I know the step isn’t fixed, also not sure why that’s important. Is that the only reason? There also seems to be a parameterization advantage too with the continuous formulation.

[−] jeffhwang 56d ago
I'm glad I clicked through bc I thought the article was about Mamba, the package manager I associate with Python (similar to conda).

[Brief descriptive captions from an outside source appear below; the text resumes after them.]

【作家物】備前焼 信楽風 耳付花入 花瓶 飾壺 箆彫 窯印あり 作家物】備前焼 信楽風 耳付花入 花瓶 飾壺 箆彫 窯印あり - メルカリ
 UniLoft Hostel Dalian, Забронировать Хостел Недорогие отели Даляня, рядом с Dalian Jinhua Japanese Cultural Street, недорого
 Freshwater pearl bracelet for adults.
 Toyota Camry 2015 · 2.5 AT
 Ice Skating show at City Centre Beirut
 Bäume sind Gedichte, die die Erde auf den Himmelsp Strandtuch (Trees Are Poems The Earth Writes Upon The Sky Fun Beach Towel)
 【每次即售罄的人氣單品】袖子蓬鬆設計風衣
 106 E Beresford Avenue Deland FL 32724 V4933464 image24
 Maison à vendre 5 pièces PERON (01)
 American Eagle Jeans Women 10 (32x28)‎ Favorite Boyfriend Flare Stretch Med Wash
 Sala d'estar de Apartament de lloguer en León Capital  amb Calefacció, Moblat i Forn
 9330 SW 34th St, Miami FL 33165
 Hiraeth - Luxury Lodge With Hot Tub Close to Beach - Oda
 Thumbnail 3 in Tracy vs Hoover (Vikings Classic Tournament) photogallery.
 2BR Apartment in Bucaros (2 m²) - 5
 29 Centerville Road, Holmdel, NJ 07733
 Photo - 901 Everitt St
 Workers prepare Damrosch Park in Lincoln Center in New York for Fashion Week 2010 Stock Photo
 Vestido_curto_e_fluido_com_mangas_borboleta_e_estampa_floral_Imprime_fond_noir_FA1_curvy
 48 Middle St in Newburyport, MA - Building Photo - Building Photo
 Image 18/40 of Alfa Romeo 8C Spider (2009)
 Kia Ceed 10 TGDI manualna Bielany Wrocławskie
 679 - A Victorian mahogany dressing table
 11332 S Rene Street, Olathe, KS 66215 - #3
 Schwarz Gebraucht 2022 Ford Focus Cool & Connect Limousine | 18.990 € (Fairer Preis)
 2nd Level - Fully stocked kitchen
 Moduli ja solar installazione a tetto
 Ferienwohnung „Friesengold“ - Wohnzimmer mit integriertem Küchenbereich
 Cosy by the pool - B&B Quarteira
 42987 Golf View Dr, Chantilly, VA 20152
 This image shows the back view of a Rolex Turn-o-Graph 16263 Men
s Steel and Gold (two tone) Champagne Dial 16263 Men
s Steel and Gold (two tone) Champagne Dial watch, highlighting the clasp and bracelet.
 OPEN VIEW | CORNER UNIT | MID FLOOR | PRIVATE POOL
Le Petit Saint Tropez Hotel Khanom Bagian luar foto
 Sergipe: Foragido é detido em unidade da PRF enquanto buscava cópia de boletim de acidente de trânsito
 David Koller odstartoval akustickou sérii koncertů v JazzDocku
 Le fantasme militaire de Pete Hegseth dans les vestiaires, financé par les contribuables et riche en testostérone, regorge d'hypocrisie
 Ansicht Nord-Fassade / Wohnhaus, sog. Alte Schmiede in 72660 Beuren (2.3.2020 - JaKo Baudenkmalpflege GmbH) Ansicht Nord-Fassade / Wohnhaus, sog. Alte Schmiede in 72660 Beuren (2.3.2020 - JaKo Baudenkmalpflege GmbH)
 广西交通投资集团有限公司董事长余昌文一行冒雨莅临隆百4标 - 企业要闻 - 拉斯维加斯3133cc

https://github.com/mamba-org/mamba

[−] manlymuppet 56d ago
I'm looking forward to the fifth iteration of this model.
[−] breadsniffer 55d ago
Mamboooo no. #5
[−] fudged71 56d ago
This is really promising. Are they now going to scale this up to hundreds of billions of parameters? Why stop at 1.5B if they found a potentially SOTA architecture?
[−] snek_case 56d ago
Probably constrained by training resources. It's much easier to experiment with a smaller architecture. You may need many training runs to figure out hyperparameters for example. If each run needs multiple GPUs for a week the cost adds up quickly. I think it makes a lot of sense to start small.
[−] diablevv 56d ago
[flagged]
[−] daliliu 56d ago
[dead]
[−] robofanatic 56d ago

> Mamba-3 is a new state space model (SSM) designed with inference efficiency as the primary goal — a departure from Mamba-2, which optimized for training speed. The key upgrades are a more expressive recurrence formula, complex-valued state tracking, and a MIMO (multi-input, multi-output) variant that boosts accuracy without slowing down decoding.

Why can’t they simply say -

Mamba-3 focuses on being faster and more efficient when making predictions, rather than just being fast to train like Mamba-2.

[−] esquire_900 56d ago
This is sort of what their first sentence states? Except your line implies that they are fast in training and inference, they imply they are focusing on inference and are dropping training speed for it.

It's a nice opening as it is imo

[−] cubefox 56d ago
They don't say anything about dropping training speed.
[−] estearum 56d ago

> a departure from Mamba-2, which optimized for training speed.

?

[−] i000 56d ago
Agreed. What you wrote was probably the input, what we see is the LLM output with the directive to "make us sound smart, put gratuitous em-dash"
[−] E-Reverance 56d ago
The first sentence basically does though, no?
[−] mufasachan 56d ago
The blog is technical, technical terms in the TL;DR seems relevant to me.
[−] renewiltord 56d ago
Found the guy who made the Windows error messages say “Your computer did an oopsie :(“ instead of including any useful information.
[−] arendtio 56d ago
I don't get the downvotes, as I had trouble understanding the intro as well. It seems it was written for a very specific audience.
[−] camillomiller 56d ago
I don’t know why you’re being downvoted. As a longtime editor your version is immensely better. Looks like the original was probably not human-written.